The company saw its second quarter profit rise RM241.83% to RM5.65 million from RM1.65 million in the previous corresponding period.
This was achieved on the back of just a 1.24% increase in revenue to RM104.06 million.
In a statement to the media today, PCCS said the lion’s share of its net profit in the quarter ended Sept 30, 2022 came from a foreign exchange gain of RM4.43 million.

It said its credit financing business, which began operations in August last year, contributed about 10% of the net profit.
PCCS said the business has booked revenue of RM1.29 million for the quarter and is already recording double digit growth and margins.
For the cumulative six-month period, the credit financing division has contributed revenue of RM2.27 million, it added.
“Moving forward, the credit finance business is expected to help support the seasonal nature of our core athletic apparel business, and therefore provide greater stability in earnings,” the company said.
The remainder of the profits was contributed by the PCCS core apparel business in China.
For the six-month period, PCCS recorded an extraordinary gain of RM6.9 million, which came from the disposal of its subsidiaries Mega Label (Malaysia) Sdn Bhd and Mega Label (Penang) Sdn Bhd in its first quarter.
Setting aside these extraordinary gains, PCCS recorded a net profit of RM8.4 million for the first quarter to June 30, 2022 (Q1 2022).
Apart from the athletic apparel division, which accounts for 90% of PCCS business, the company also has a hire purchase and a medical devices division.
China, Europe and the Americas are the largest markets for its sportswear.
However, the company continues to face some challenges.

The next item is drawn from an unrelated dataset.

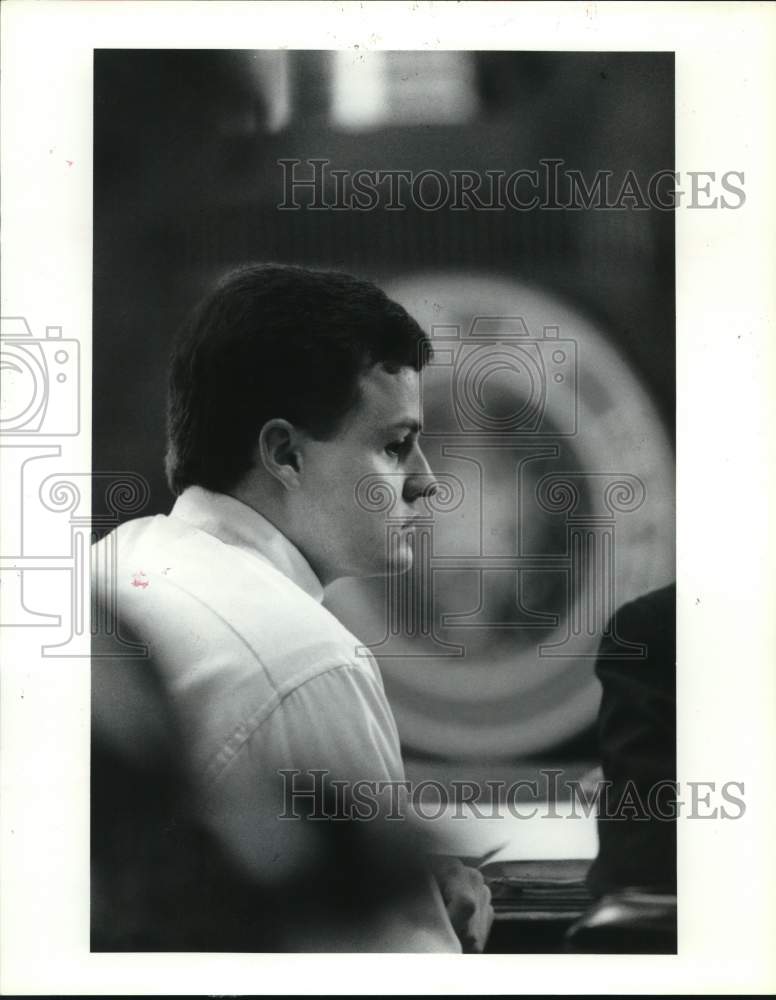 1992 Press Photo Spencer Corey Goodman during his trial, Houston - hcb02127- Historic Images
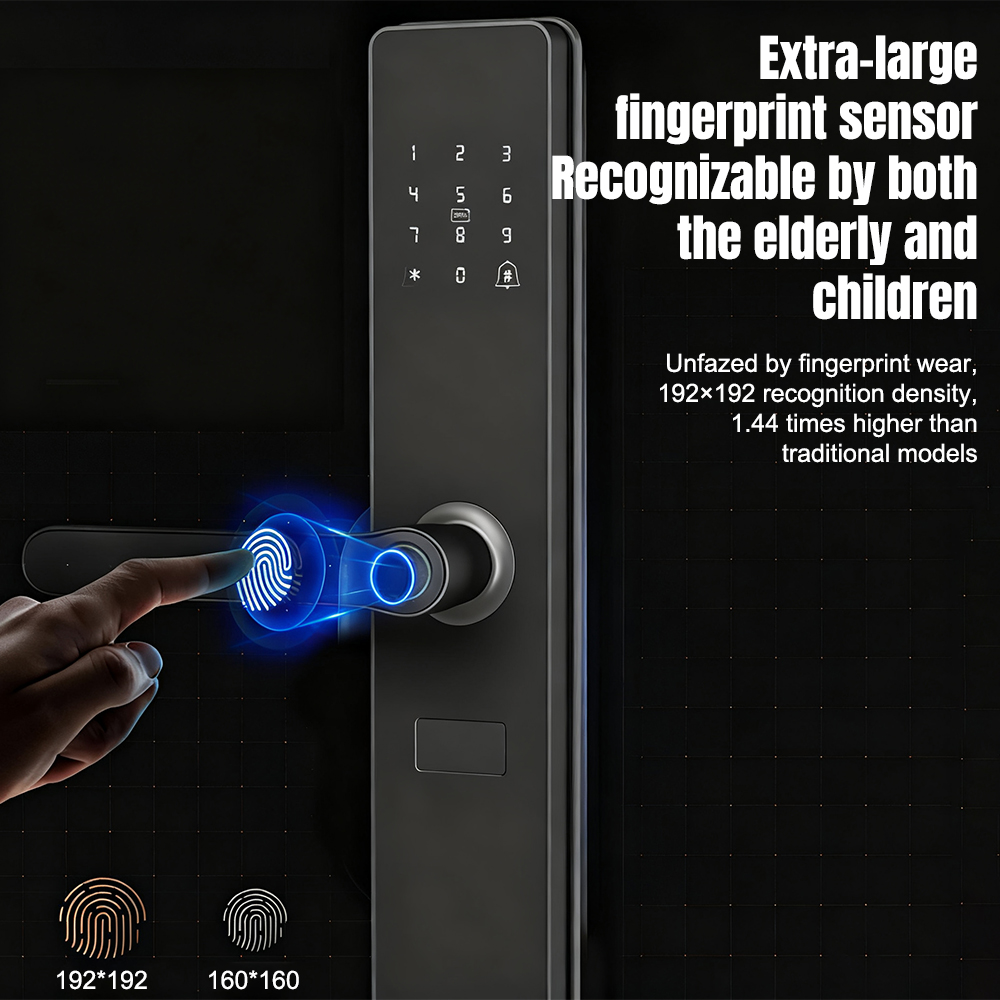 Akıllı Parmak İzi Kapı Kolu Ki - Home Security Keypad incelemesi ve fiyatı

Group managing director David Chan said there has been some delays and setbacks in manufacturing because of the stricter anti-Covid-19 measures taken by China.
“This is out of our control and we do foresee that the apparel business in Cambodia and China will see a downturn in sales in the next quarter,” he said.
However, he added, the company is already better prepared for the challenges and it expects the hiccups in the supply chain to get more manageable going forward.